Kitab hadits yag ditulis oleh Ibn Hazm merupakan kitab hadits yang pertama yang ditulis atas perintah kepala negara, kitab itu tidak membukukan seluruh hadits yang ada di Madinah. Seorang ulama hadits yang terkenal yaitu Al-Imam Muhammad ibn Muslim ibn Syihab az-Zuhry beliau membukukan hadits yang ada di Madinah.
Faktor yang mendorong munculnya gagasan mulia dari khalifah ini antara lain ialah karena wilayah teritorial pemerintahan Islam serta keberadaan para pemeluknya ketika itu semakin meluas ke berbagai penjuru daerah, sementara disisi lain para penghafal hadits telah berangsur-angsur meninggal baik di medan perang maupun lanjut usia.[11]

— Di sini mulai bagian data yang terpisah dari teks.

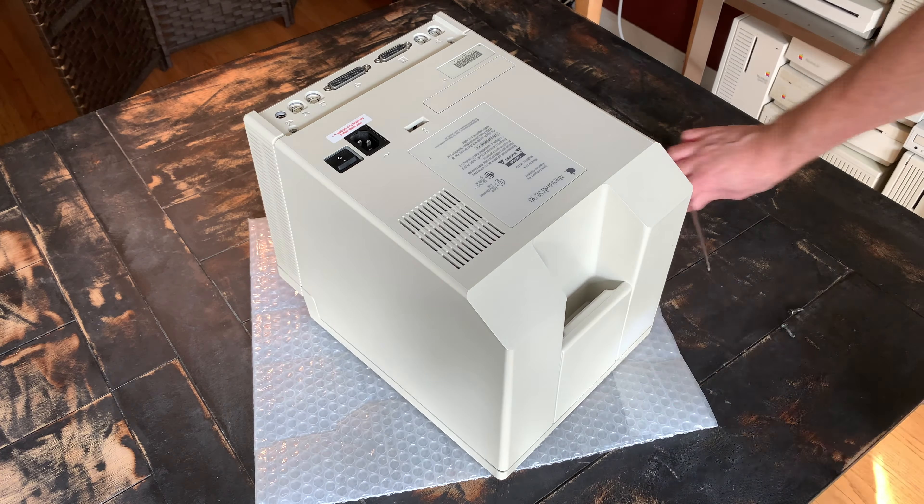Next we'll crack this Mac open by removing the four Torx screws. You'll of course need the longer Torx bit to reach the screws in the handle. By the way, these padded envelopes you may often get in shipping are excellent for working on compact Macs and CRTs, as they protect the system and make it easy to slide them around.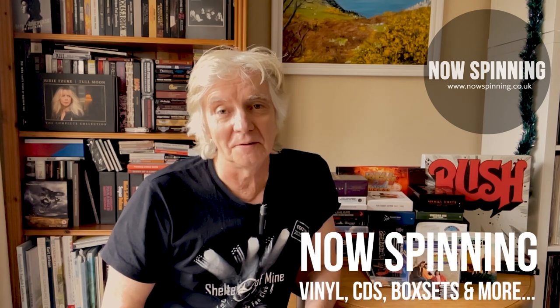Hi, Phil Ashton here from Now Spinning Magazine with another unboxing video. This one is the Electric Prunes 'Then Came the Dawn' 6-CD box set from 1966 to 1969. I've really really enjoyed this - I was about to say exceptional again, I seem to be saying that word all the time, but there is so much good stuff coming out. This is another one from Esoteric and Cherry Red.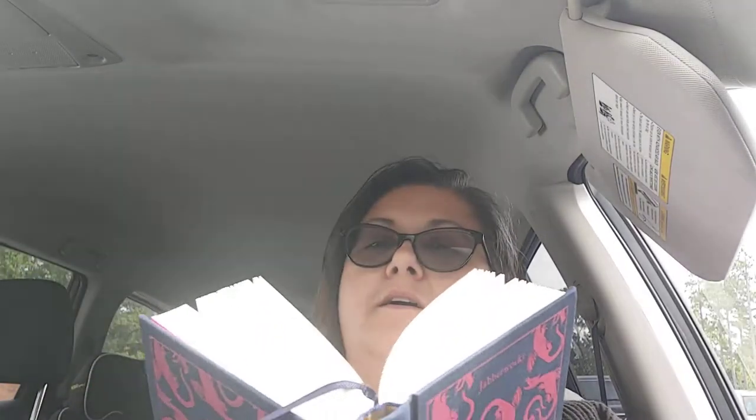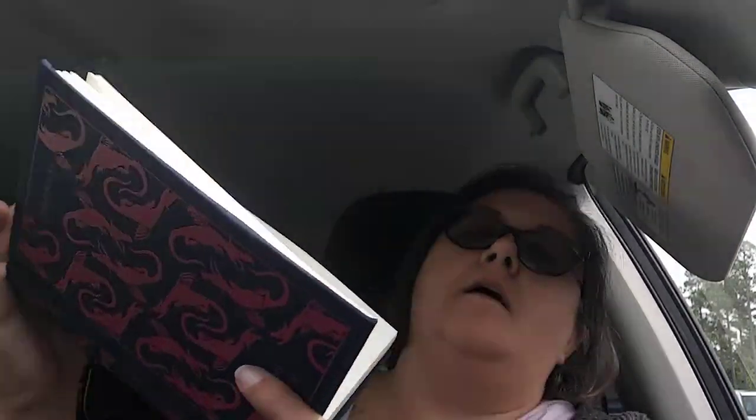This next one is called Mouse Tails, and I think it very much shows Lewis Carroll's style — it is written in the shape of a tail. We lived beneath the mat, warm and snug and fat, but one woe, and that was the cat. To our joys a clog, and our eyes a fog, on our hearts a log, was the dog. When the cat's away, the mice will play, but alas! One day, so they say, came the dog and cat, hunting for a rat. Crushed the mice all flat, each one as he sat, underneath the mat, warm and snug and fat. Think of that.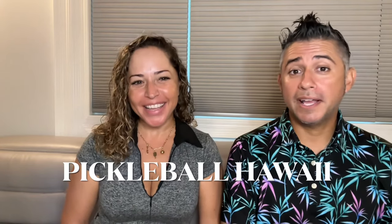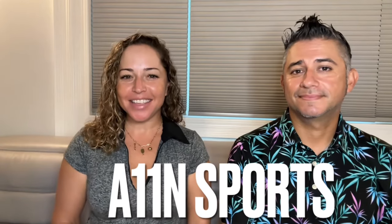Hi, everyone. Welcome to our channel. My name is Karina. I'm David. And we are Pickleball Hawaii. Today we are bringing you our first review of the newest paddles by A11N Sports. They sent us two paddles, which we are really excited to go out on the courts and play with and share our review with you guys.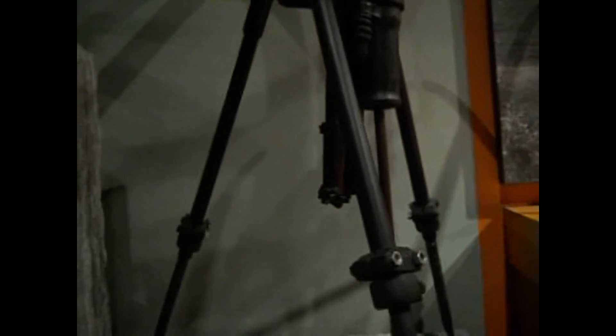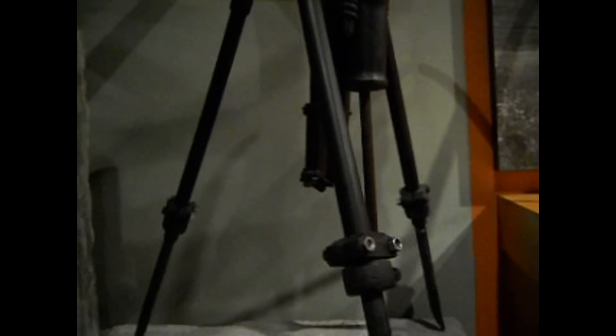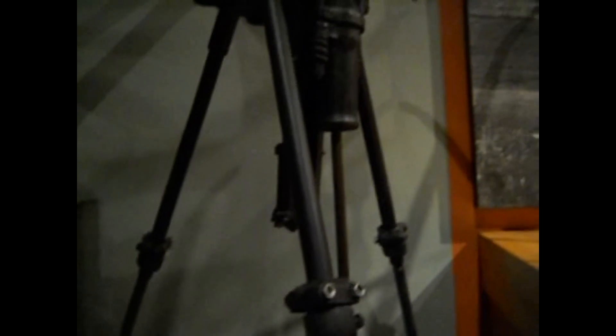Look at this — this is a steam drill from 1870. Drills like this one, together with steam-powered engines, greatly increased the productivity of Maine's granite industry. Look at that, I'll show you this nice and close.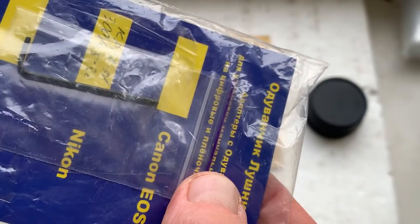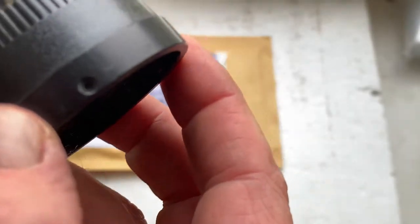This is the rear cap, and this is a special key for screwing the adapter onto your lens.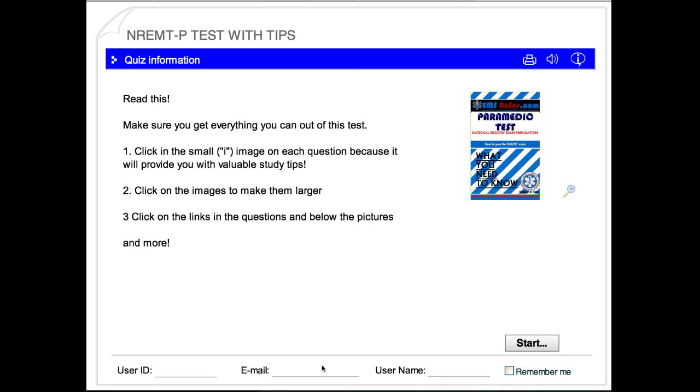This is Forrest. Thanks for coming by ID44.com. Real quick, I'm going to review my tests and some of the options. On the bottom here, just enter your email and hit start.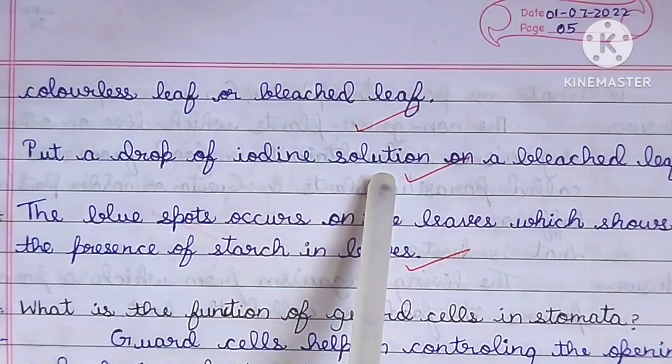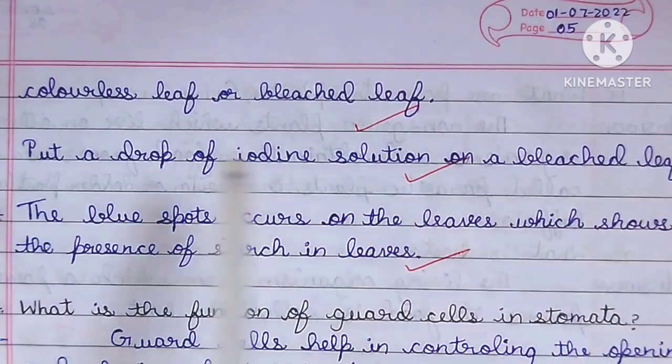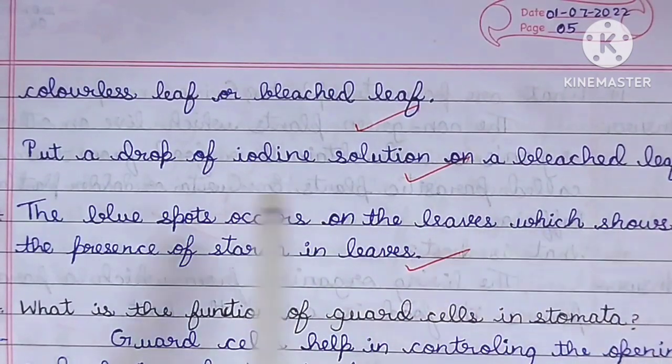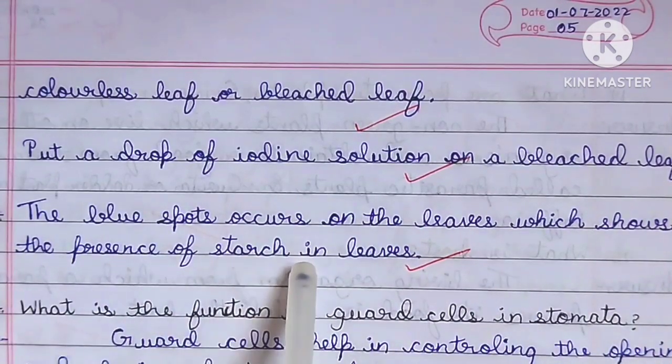Put a drop of iodine solution on the bleached leaf. A blue spot occurs on the leaf, which shows the presence of starch in leaves.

Selanjutnya , pada permulaan abad ke- 3 H, para ulama’ berusaha untuk memilah atau menyisihkan antara hadits dengan fatwa sahabat dan tabi’in. Ulama’ hadits berusaha untuk membukukan hadits Nabi saw. secara mandiri, tanpa mencampurkan fatwa sahabat dan tabi’in. Karena ulama’ hadits banyak menysun kitab-kitab musnad yang bebas dari fatwa sahabat dan tabi’in.
Meskipun demikian, upaya untuk membukukan hadits dalam sebuah kitab musnad ini bukan tanpa kelemahan. Ulama hadits tergerak untuk menyelamatkan hadits dengan membuat kaidah-kaidah dan syarat-syarat untuk menilai kesahihan suatu hadist. Dengan adanya kaidah-kaidah dan syarat-syarat, kemudian lahirlah yang disebut dengan ilmu dirayah hadits yang sangat banyak cabangnya, di samping juga ilmu riwayat hadits. Konsekwensi dari pemilahan hadits shahih, hasan, dhaif, dan palsu, maka disusunlah kitab-kitab himpunan khusus hadits shahih dan kitab-kitab al-sunan.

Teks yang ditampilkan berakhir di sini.